Today so many individuals feel alienated from their own jurisdictions because they are marginalized. They are lost among the numerous to some of the oldest and most respected liturgies of the western church. Jurisdictions are scaling back on their parishes and closing so many that people are denied access to the sacraments. The once loving acceptance which was traditional before the reforms is not almost totally lost among the larger jurisdictions. Or faithful parishioners are increasingly being denied access to the faith which they must have in order to be saved. And it is denied them by their own organizational hiearchies, or they are barred from full participation for various reasons.
They forget that the One, Holy, Catholic and Apostolic Church of Christ is NOT a democratic body but is truly the Mystical Body of all Faithful People. As such all people must be included in it to share in the benefits of saved people. Traditionally we leaned towards the west, but as the reforms deepened we felt that the eastern church held a more faithful application to faith and practice than all of the west does. This is because the west not only embraced near total eccumenism without the wisdom to decide who must be included in the eccumenical movement, but they strayed from the traditional apostolic constitutions and the faith of the early fathers of the church.
We offer an alternative to expensive and exclusivity. Therefore to keep overhead costs low, we offer the best of personal and communal worship in a small environment -- house church worship. We use the traditional and accepted liturgies before they were devastated by reform and modernization, and with a correction for Orthodoxy. Correction means that we eliminate the Filioque in the Creed because this was added in the west contrary to the Council of Nicea. And we include an Epiklesis to ask the Holy Spirit to change the elements of the offertory into the REAL Body and Blood of Christ. Both these things were lacking in the St. Gregory Mass (Tridentine) and in the Book of Common Prayer. St. Tikhon decided that these two things were the only ones which kept them from being acceptible to the Orthodox Church. And of course we do not believe that the Pope is the complete head of the Church, but Jesus Christ is the Head. All bishops are of equal rank and power under His Head.
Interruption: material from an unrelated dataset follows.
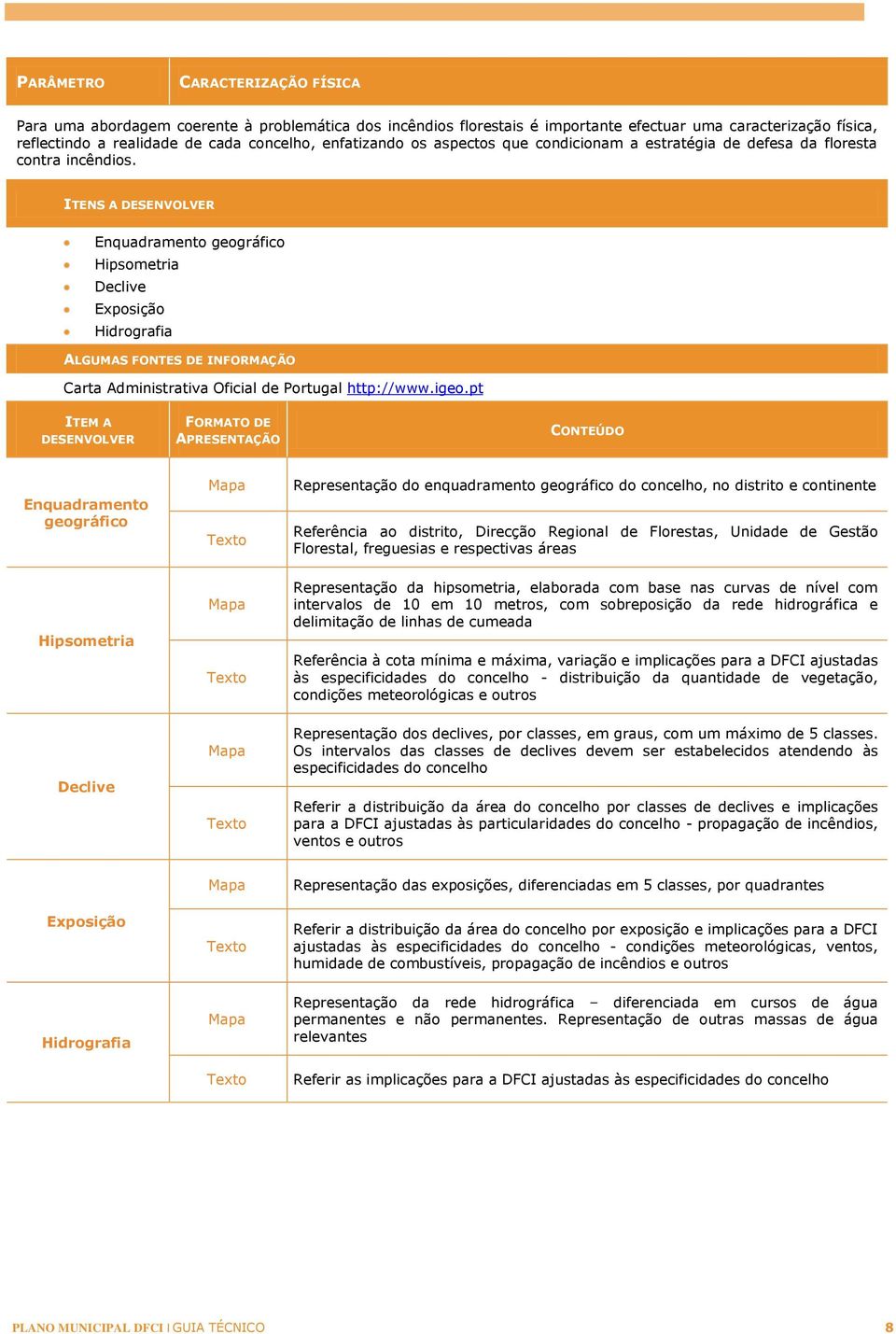 ITENS A DESENVOLVER Enquadramento geográfico Hipsometria Declive Exposição Hidrografia ALGUMAS FONTES DE INFORMAÇÃO Carta Administrativa Oficial de Portugal http://www.igeo.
Titulary distinctions therefore are moot.
Our ordained clergy is ALL MALE -- both celibate and married -- and all function as working priests and bishops. This means that they have a profession by which they support themselves, their families, and their chosen outreach, mission or parish -- which has been pre-approved by our bishops. It is because of Our Lord's command that we practice compassionate acceptance of others that we keep the Two Great Commandments summed up by Jesus who commented on the Decalogue. He told us that it is summed up in two great commandments -- the First Commandment is to love God with our entire bodies, souls and minds and the Second Commandment is to love others as we love ourselves. The first is easy to do but loving others is much more difficult.
We do not know God fully becuse He is a mystery, but He is our Lord and Master and our Creator. We fear God greatly because He has the power of life and death, heaven and hell, all in His grasp. We cannot ignore Him or afford to be alienated from Him because from Him all our blessings flow. And it it unto Him that we owe gratitude for the free gift of salvation, when He offered up His Only Begotten Son, Jesus Christ, as a substitute for us, even unto the death on the cross. If we have any difficulty with Him or we have sinned horribly in our lives, we must reconcile to Him, confess our sins before Him, and receive forgiveness of our sins through Christ's Act of Reparation, and then to try to live good lives ever after in His service.